■ Work to complete
All lines from the one containing "Irish Wolfhound Washington" through the last line below must be duplicated exactly, with nothing outside that span.

Start of Records for this task

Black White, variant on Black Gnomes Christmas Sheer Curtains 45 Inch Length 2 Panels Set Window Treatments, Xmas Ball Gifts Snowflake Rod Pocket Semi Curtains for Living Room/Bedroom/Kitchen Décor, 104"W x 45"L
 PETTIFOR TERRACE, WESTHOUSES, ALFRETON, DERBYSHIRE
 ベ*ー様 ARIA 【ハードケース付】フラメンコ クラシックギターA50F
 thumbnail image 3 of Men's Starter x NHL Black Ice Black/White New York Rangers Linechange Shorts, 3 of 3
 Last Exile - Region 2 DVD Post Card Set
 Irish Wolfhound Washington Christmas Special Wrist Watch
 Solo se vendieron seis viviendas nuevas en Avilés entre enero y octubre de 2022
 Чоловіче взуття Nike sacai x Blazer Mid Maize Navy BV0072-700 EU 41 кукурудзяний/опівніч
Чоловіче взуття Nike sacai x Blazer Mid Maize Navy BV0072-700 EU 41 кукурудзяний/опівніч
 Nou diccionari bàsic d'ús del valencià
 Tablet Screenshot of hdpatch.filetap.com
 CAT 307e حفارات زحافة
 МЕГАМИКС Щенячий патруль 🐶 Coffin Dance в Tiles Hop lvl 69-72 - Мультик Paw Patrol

End of Records for this task

■ Solution to this task
 Irish Wolfhound Washington Christmas Special Wrist Watch
 Solo se vendieron seis viviendas nuevas en Avilés entre enero y octubre de 2022
 Чоловіче взуття Nike sacai x Blazer Mid Maize Navy BV0072-700 EU 41 кукурудзяний/опівніч
Чоловіче взуття Nike sacai x Blazer Mid Maize Navy BV0072-700 EU 41 кукурудзяний/опівніч
 Nou diccionari bàsic d'ús del valencià
 Tablet Screenshot of hdpatch.filetap.com
 CAT 307e حفارات زحافة
 МЕГАМИКС Щенячий патруль 🐶 Coffin Dance в Tiles Hop lvl 69-72 - Мультик Paw Patrol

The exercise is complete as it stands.